Rencontre de vieux-vroyants sectaires russes
CHAPITRE V
LES SOUTAÏEVTZY
Les soutaïevtzy raillent le clergé, les images, les sacrements, le service militaire, et prêchent la communauté des biens. Fondée par un modeste travailleur de Tver, vers l'année 1880, cette secte est devenue en peu de temps célèbre. Le comte Tolstoï lui-même accueillit à bras ouverts Soutaïeff, qui parcourait les campagnes et enseignait que le vrai christianisme consiste dans l'amour du prochain. Il n'y a qu'une seule religion la religion de l'amour et de la miséricorde. Les cérémonies religieuses, les popes, les églises, les anges et les diables, ne sont que des inventions qu'il faut rejeter, si on veut vivre conformément à la vérité. Et qu'est-ce que le paradis? Lorsque tous les préceptes de l'amour et de la miséricorde seront réalisés sur terre, la terre deviendra un paradis.
La propriété privée étant la source de tous les malheurs, la source des crimes et des mensonges, il faut l'abolir, de même que les armées et la guerre. Soutaïeff prêcha la non résistance au mal, la renonciation à toute violence. Un des fils de Soutaïeff, enrôlé comme conscrit, refusa de porter le fusil. Toutes les persuasions, toutes les punitions restèrent sans aucun effet. Le texte de l'Évangile dans la bouche, il prouvait à qui voulait le forcer de porter les armes que le ciel s'y oppose. On finit par l'envoyer au cachot.

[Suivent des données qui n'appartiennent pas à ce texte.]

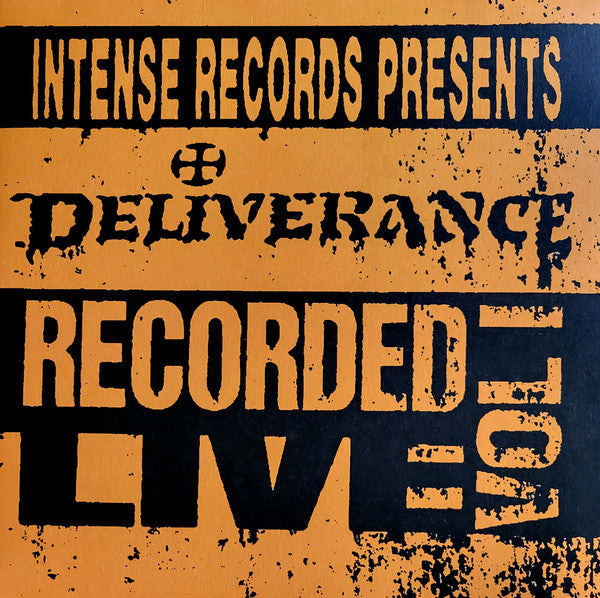 DELIVERANCE - INTENSE SERIES LIVE VOL. 1 (ORANGE VINYL)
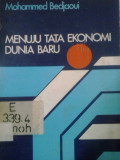 Menuju tata ekonomi dunia baru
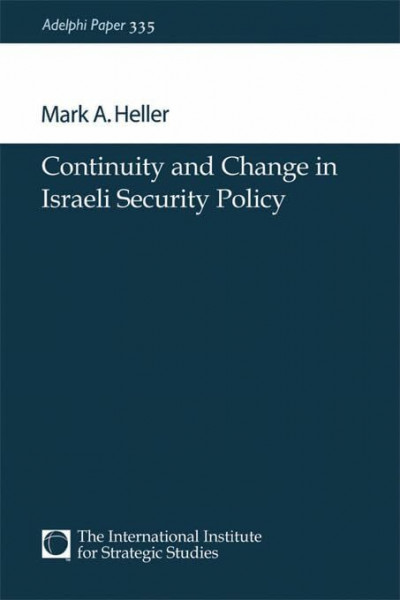 Continuity and Change in Israeli Security Policy (Adelphi Papers, 335, Band 335)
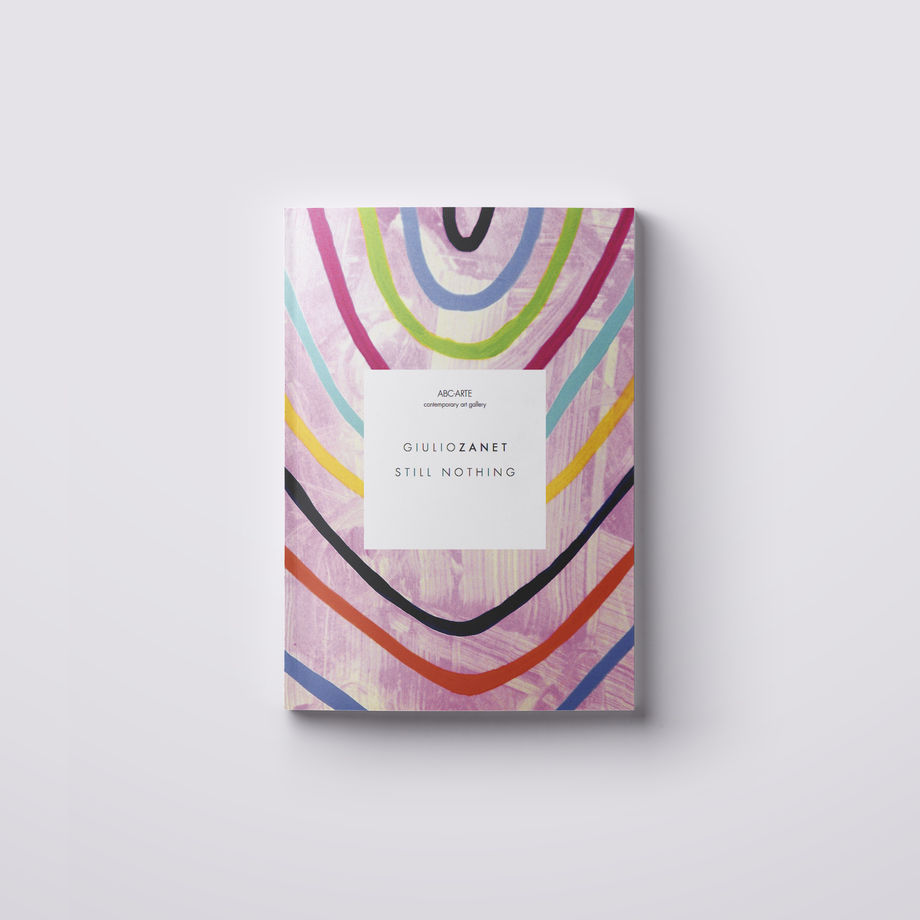 Still nothing. Giulio Zanet, a cura di Ivan Quaroni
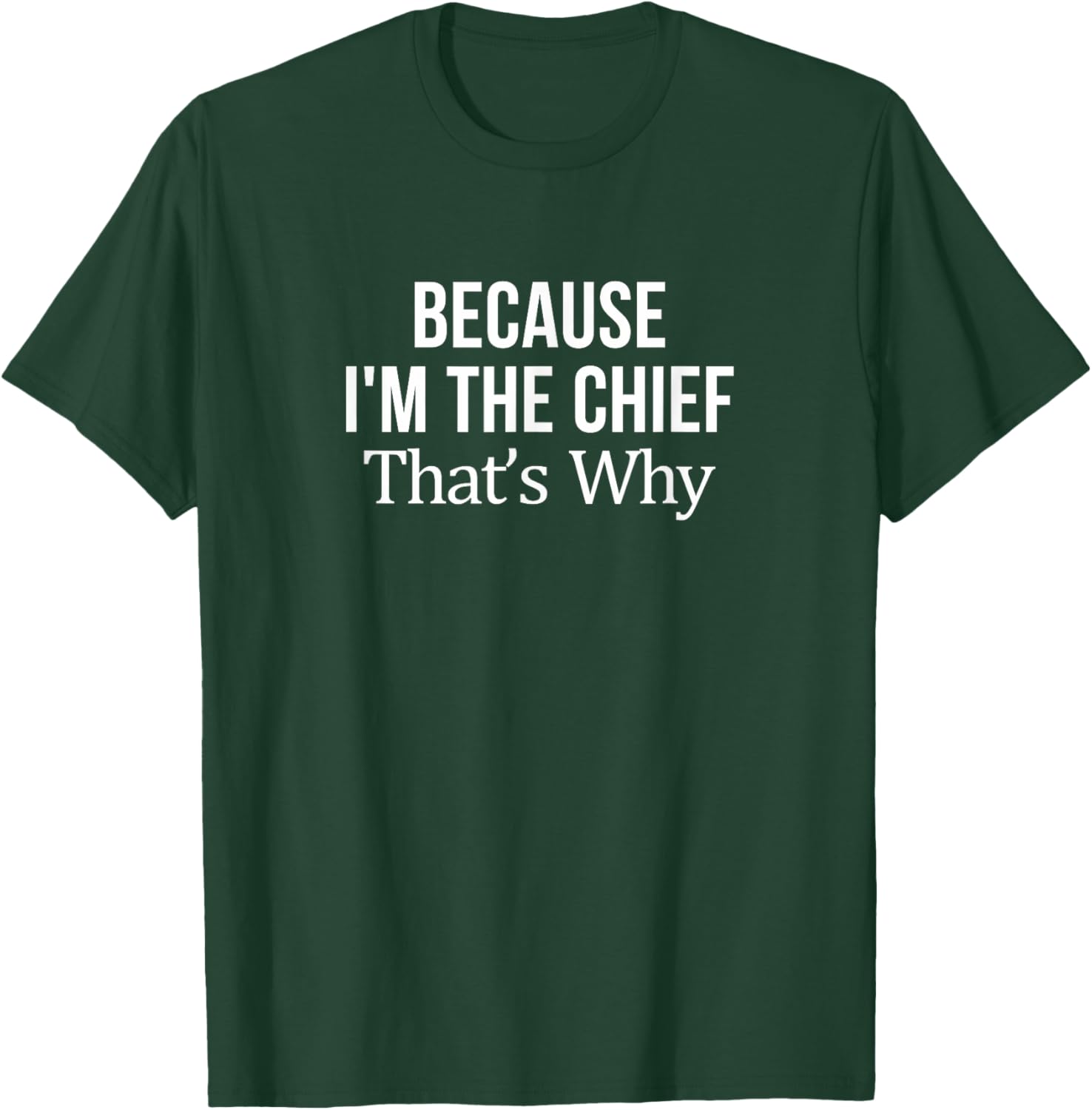 Because I'm The Chief T-Shirt for Leaders | Fun and Stylish Tee - 6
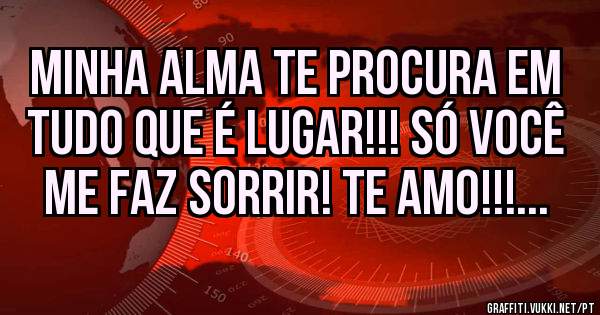 Minha alma te procura em tudo que é lugar!!! Só você me faz sorrir! Te amo!!!...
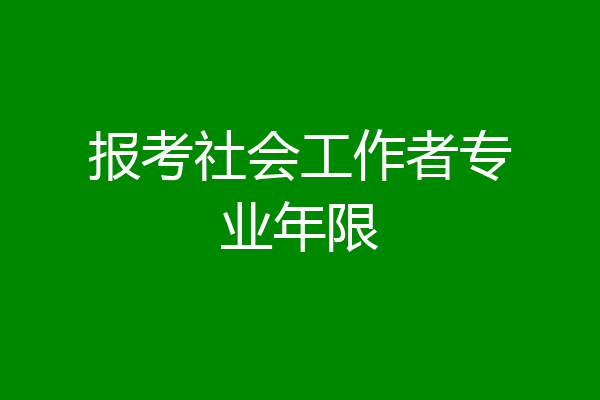 报考社会工作者专业年限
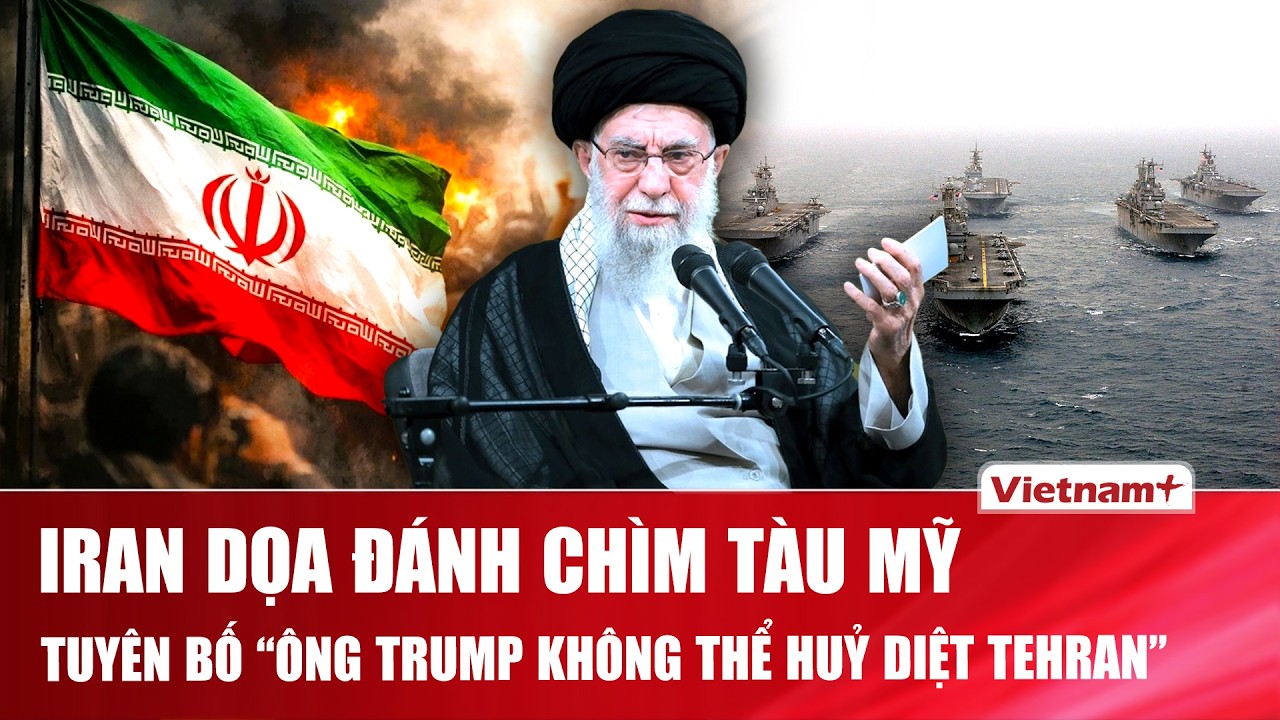 Đại giáo chủ Khamenei dọa đánh chìm tàu chiến Mỹ, tuyên bố “ông Trump không thể hủy diệt Iran” | VNP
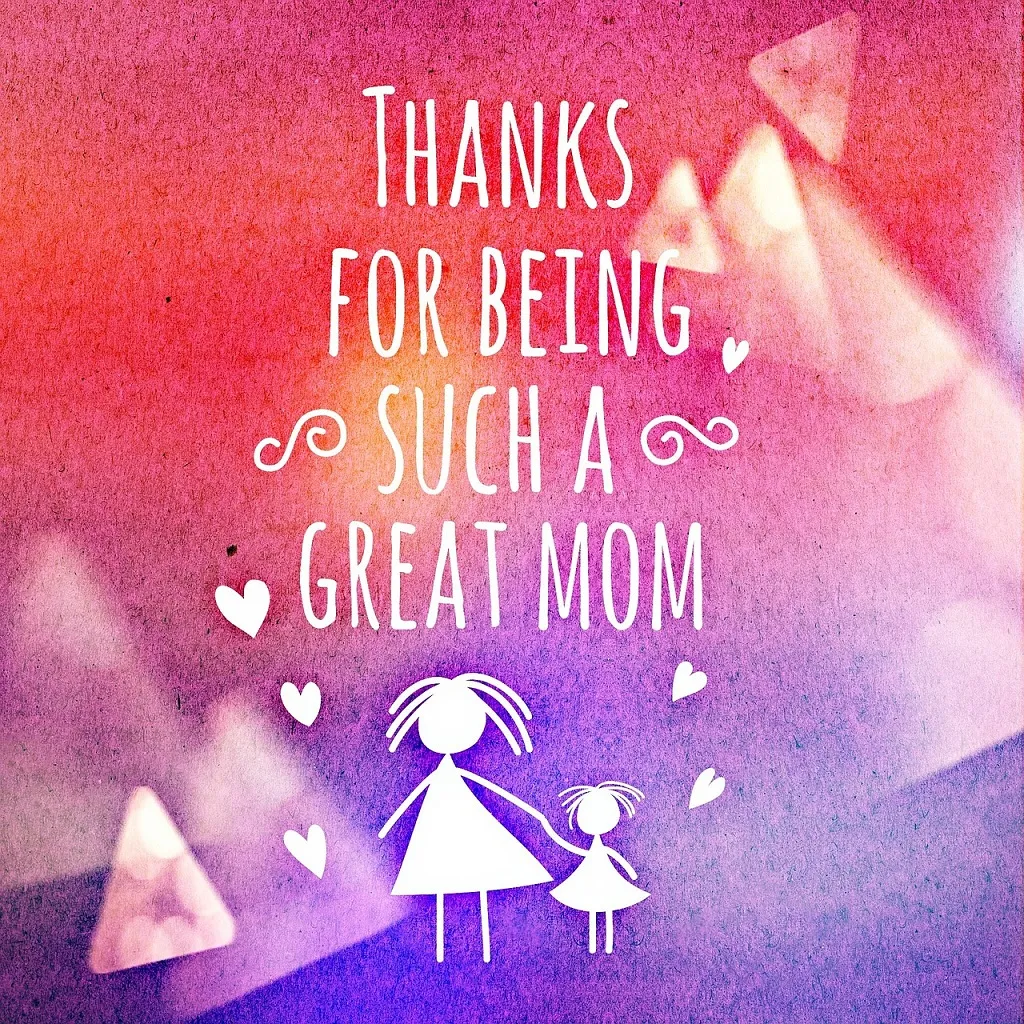 Thanks for Being Such a Great Mom - Happy Mother's Day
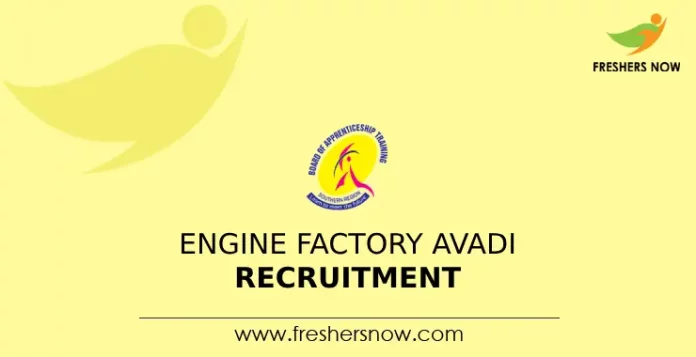 Engine Factory Avadi Recruitment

Soutaïeff n'admet pas non plus qu'on soit jugé par son prochain! "Ne jugez pas et vous ne serez pas jugés", dit-il à son entourage. Sa vie enthousiasme ses adeptes et remplit d'étonnement tout le monde. Ce simple paysan qui eut le courage de jeter au feu l'argent qu'il avait gagné comme maçon à Saint-Pétersbourg, qui poussa sa miséricorde jusqu'à poursuivre les voleurs pour leur donner de la bonne farine au lieu de la mauvaise qu'ils ont prise chez lui par erreur, ce simple d'esprit qui ne demande qu'à souffrir pour la "vérité" accusait à la fois, l'âme d'un saint et d'un véritable illuminé.